Chapter 5: Continuous Random Variables

These flashcards cover key vocabulary and concepts related to continuous random variables presented in the lecture notes.

Continuous Probability Density Function (pdf)

A function that represents the probability of a continuous random variable; the area under the curve represents probability.

Cumulative Distribution Function (cdf)

A function that gives the probability that a random variable takes a value less than or equal to a certain point.

Uniform Distribution

A type of continuous probability distribution where all outcomes are equally likely.

Exponential Distribution

A probability distribution that models the time until an event occurs, characterized by a constant rate of occurrence.
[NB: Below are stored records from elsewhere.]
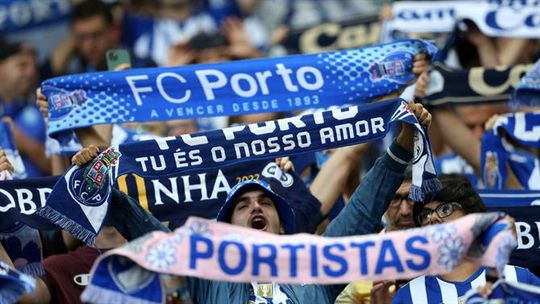 «Finda a ditadura, o Porto supera Lisboa no total de títulos nacionais»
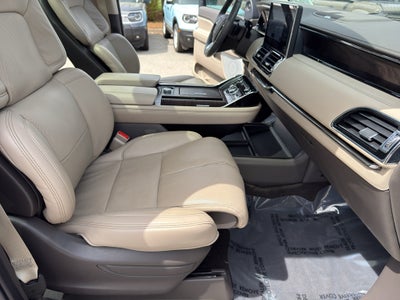 2023 Lincoln Navigator L Reserve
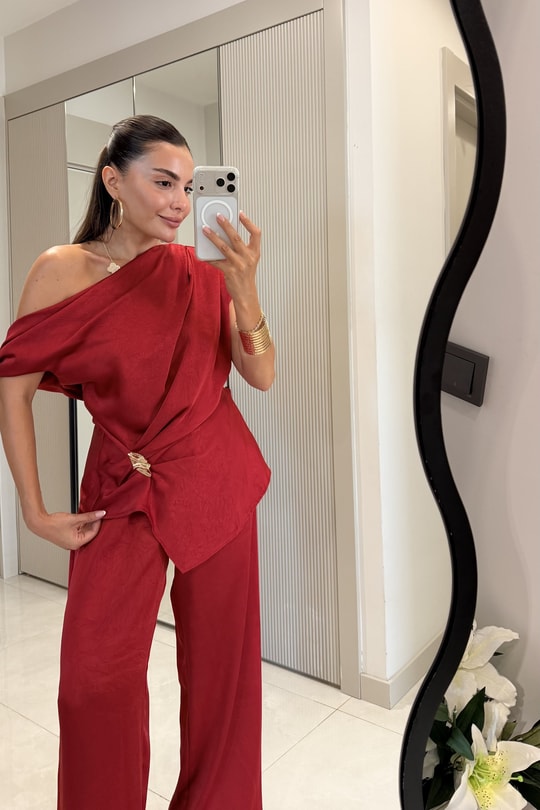 Maisie Kırmızı Asimetrik Tokalı Bluz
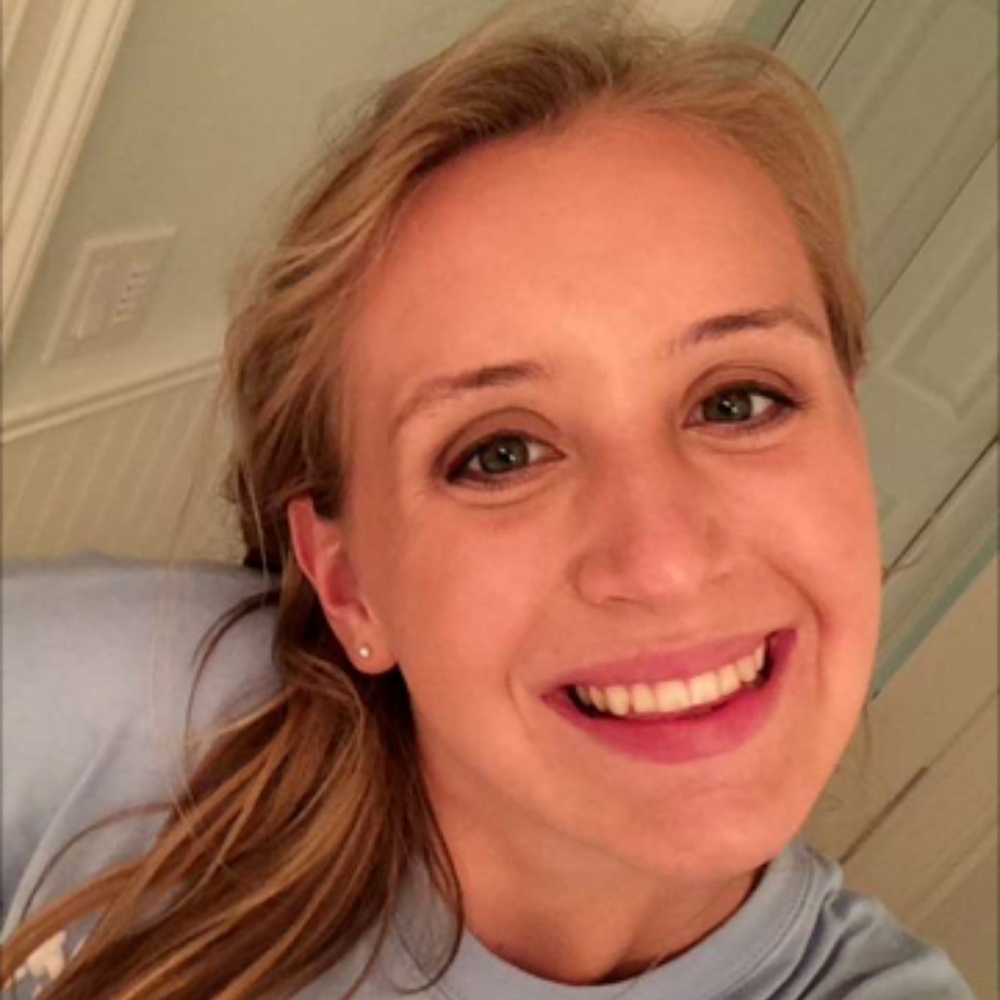 Meet your Posher, Abigail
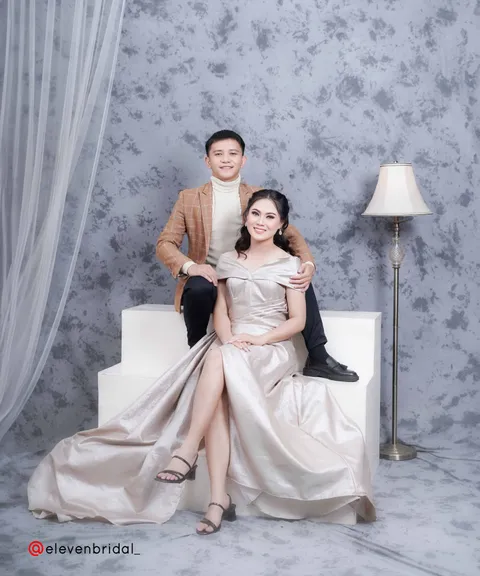 Foto sampul undangan Anjeli & Aldo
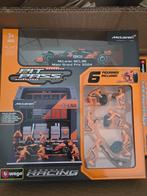 McLaren MCL38 Pit Pass Diorama Set - Burago, Ophalen of Verzenden, Nieuw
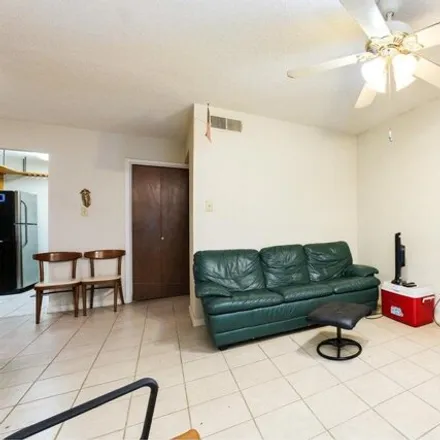 Image 3 - 1772 Crossing Place, Austin, TX 78741, USA - Condo for sale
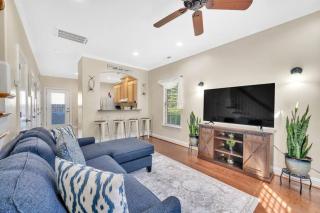 Cozy 2B Townhouse King Bed Free Parking TV in BRs - 9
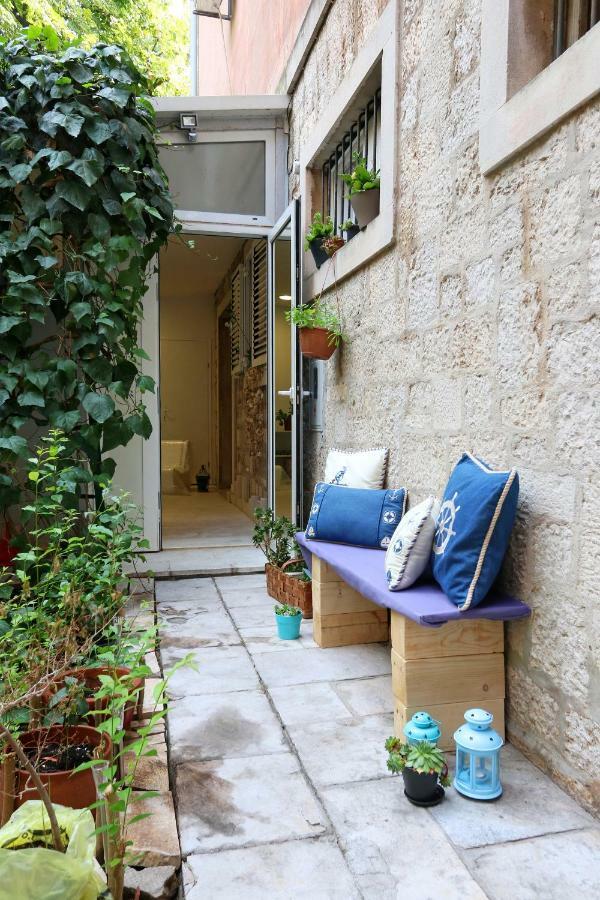 Val & Mar Studio Apartment Ζαντάρ Εξωτερικό φωτογραφία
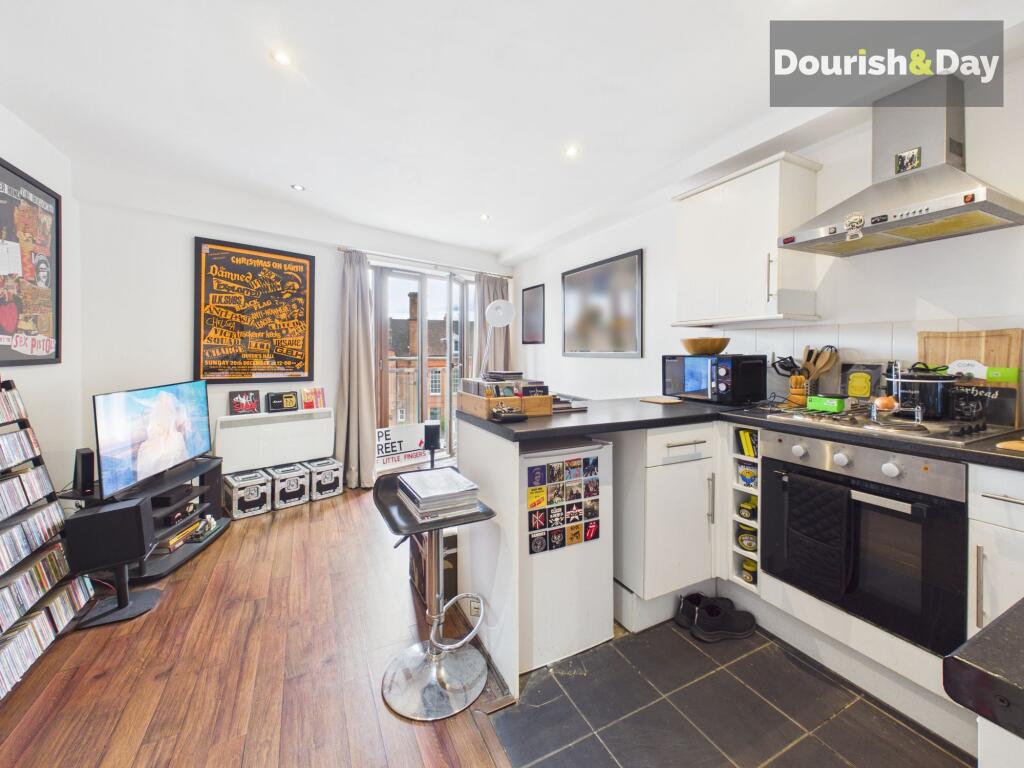 Apartment in Stafford, Staffordshire - More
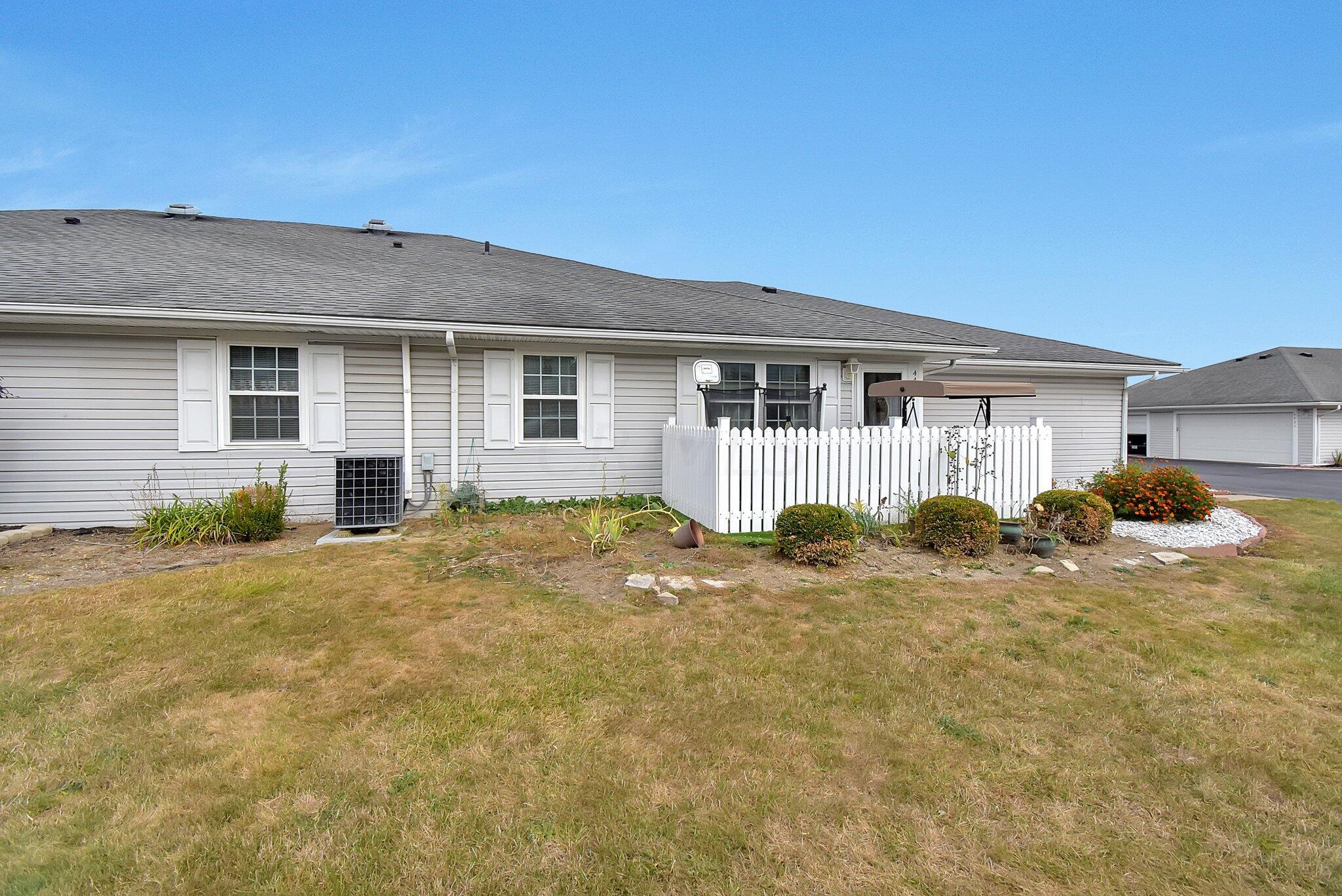 4445 Hammerton Drive, 9-C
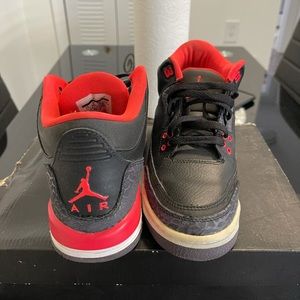 Crimson Jordan 3’s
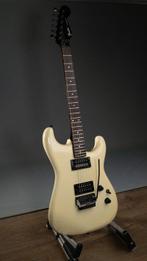 Fender - Stratocaster ST-535 Boxer - - Guitare électrique -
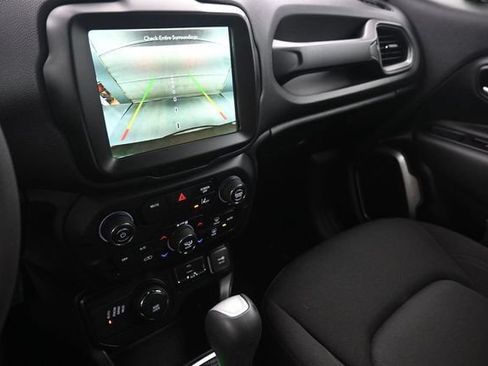 Used 2023 Jeep Renegade Latitude AWD/4WD image 12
Probability Density Function notation

Denoted as f(x), it indicates the function used to calculate probabilities for continuous random variables.

P(c < x < d)

The probability that the random variable X falls within the interval between c and d, represented by the area under the curve.

Theoretical Mean (μ) for Uniform Distribution

Calculated using the formula (a + b) / 2, where a is the minimum value and b is the maximum value.

Standard Deviation (σ) of Uniform Distribution

Calculated using the formula (b - a)² / 12, where a is the minimum value and b is the maximum value.

Probability in Continuous Distributions

Probability is represented by the area under the curve and is calculated for intervals rather than individual points.

P(x = c) in Continuous Distributions

The probability of a continuous random variable taking on an exact value c is zero.

K in the context of percentiles

In percentile problems, k represents the threshold value such that a specified percentage of data falls below it.

Decay Parameter (m) in Exponential Distribution

The inverse of the mean (μ); m = 1/μ, representing the rate at which the probability density function decays.

P(x < k) for Exponential Distribution

Represents the cumulative distribution function, giving the probability of the random variable being less than k.

Half of all customers finished time in Exponential Distribution

The time at which 50% of customers are serviced, found using the cumulative distribution function.